Exercise directions: The data below should be retyped exactly, with the pictures left out.

*** Opening Entries supplied ***

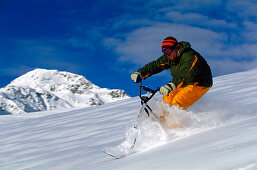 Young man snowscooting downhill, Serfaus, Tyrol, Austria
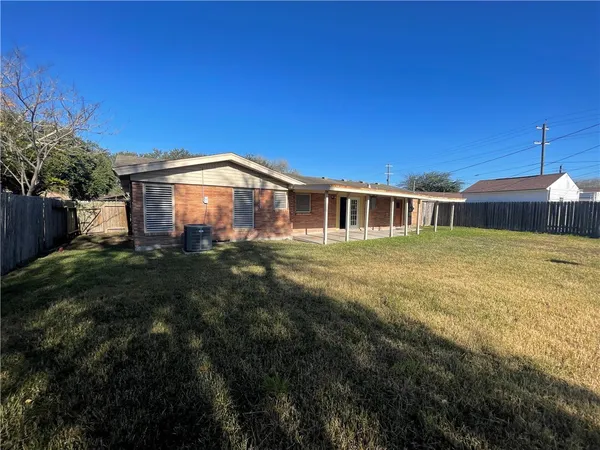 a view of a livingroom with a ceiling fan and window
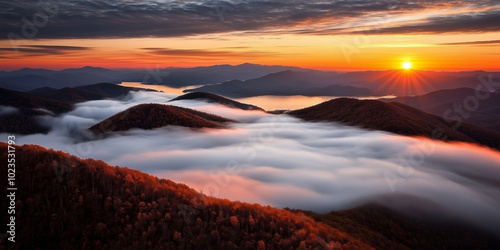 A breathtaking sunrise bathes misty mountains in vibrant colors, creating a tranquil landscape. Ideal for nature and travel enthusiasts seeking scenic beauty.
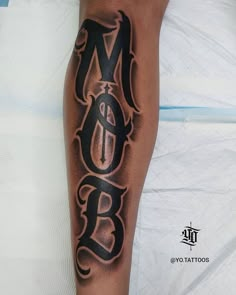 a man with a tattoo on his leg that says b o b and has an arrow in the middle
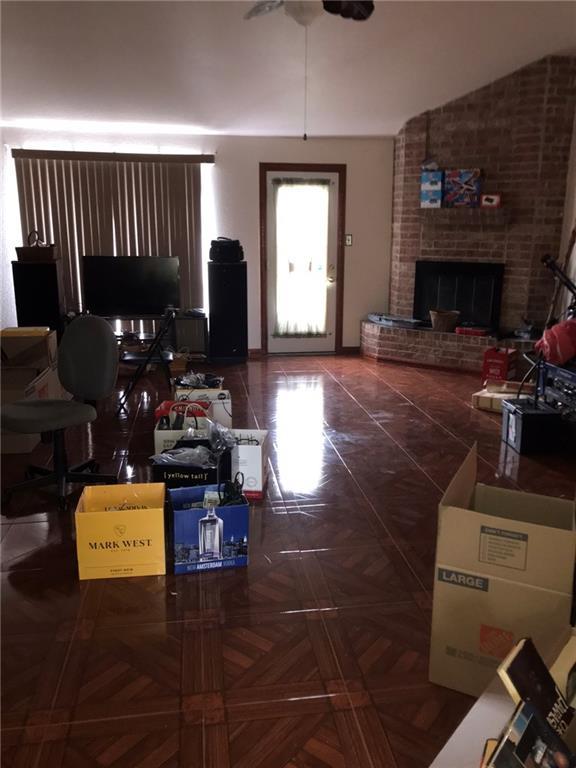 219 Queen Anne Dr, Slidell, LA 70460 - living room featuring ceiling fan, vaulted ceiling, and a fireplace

*** Closing Entries supplied ***

Answer box:
 Young man snowscooting downhill, Serfaus, Tyrol, Austria
 a view of a livingroom with a ceiling fan and window
 A breathtaking sunrise bathes misty mountains in vibrant colors, creating a tranquil landscape. Ideal for nature and travel enthusiasts seeking scenic beauty.
 a man with a tattoo on his leg that says b o b and has an arrow in the middle
 219 Queen Anne Dr, Slidell, LA 70460 - living room featuring ceiling fan, vaulted ceiling, and a fireplace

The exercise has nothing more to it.